The last days of the Illimani

The world will surely be a much poorer and hostile place

Illimani mountains

After arriving to La Paz, Bolivia, visitors immediately enjoy the city’s impressive view. A short trip of about three hours separates the capital from its most famous mountain, the Illimani, which is 6.500 meters high, covered in snow. For the people of the South American country, the highland is a permanent companion. Nevertheless, the possibility that its white top will soon disappear seems more and more certain.

Just like the Illimani, many snow covered mountains of the Andes –the mountain range that goes from Colombia to Chile- are facing a rapid loss of their glaciers and it seems that within a few decades some of these could disappear completely. There is increasing evidence that tropical glaciers will be among the earliest victims of climate change. In addition to these effects, other pollutants such as black carbon are also having a detrimental impact which can already be seen. A couple of decades ago, the Chacaltaya harbored the highest skiing resort in the world. Nowadays, there is no snow or ice left; only the ruins of what once. 

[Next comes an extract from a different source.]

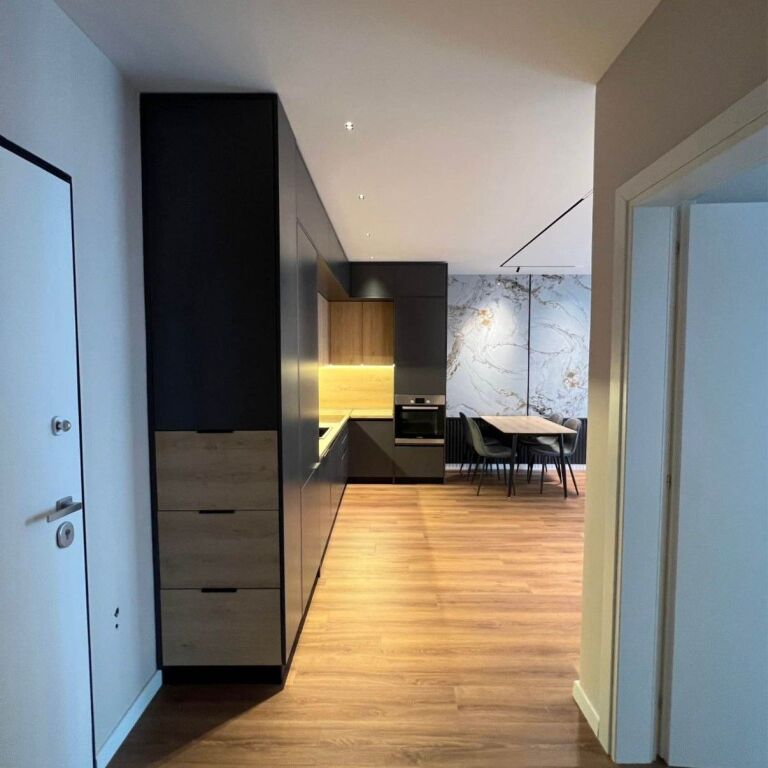 🏡 Apartment 1+1 + Parking for Rent – Jordan Misja Street ✨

The glaciers and its seasonal thaw are an important source of fresh water and are closely linked to both ecosystems and the needs of drinking water. Even major cities, like Arequipa or La Paz, obtain an important part of their water supply from this source; such provision is particularly important during the dry months. Last year, the residents of La Paz experienced firsthand how risky it can be to depend on glacier thaw in a world of accelerating climate change. Due to low precipitation levels in the rainy season and poor recollection of water, the capital's water reservoirs hit historical lows and the city faced weeks of rationed water and irregular distribution. In fact, the provision only returned to normal after the first rains increased the water level of the dams.

Due to climate change, the world is becoming hostile to many ecosystems and the Andean glaciers are facing some of the harshest threats. There is a strong possibility that we will see these majestic mountains losing their snow covered tips within our lifetimes.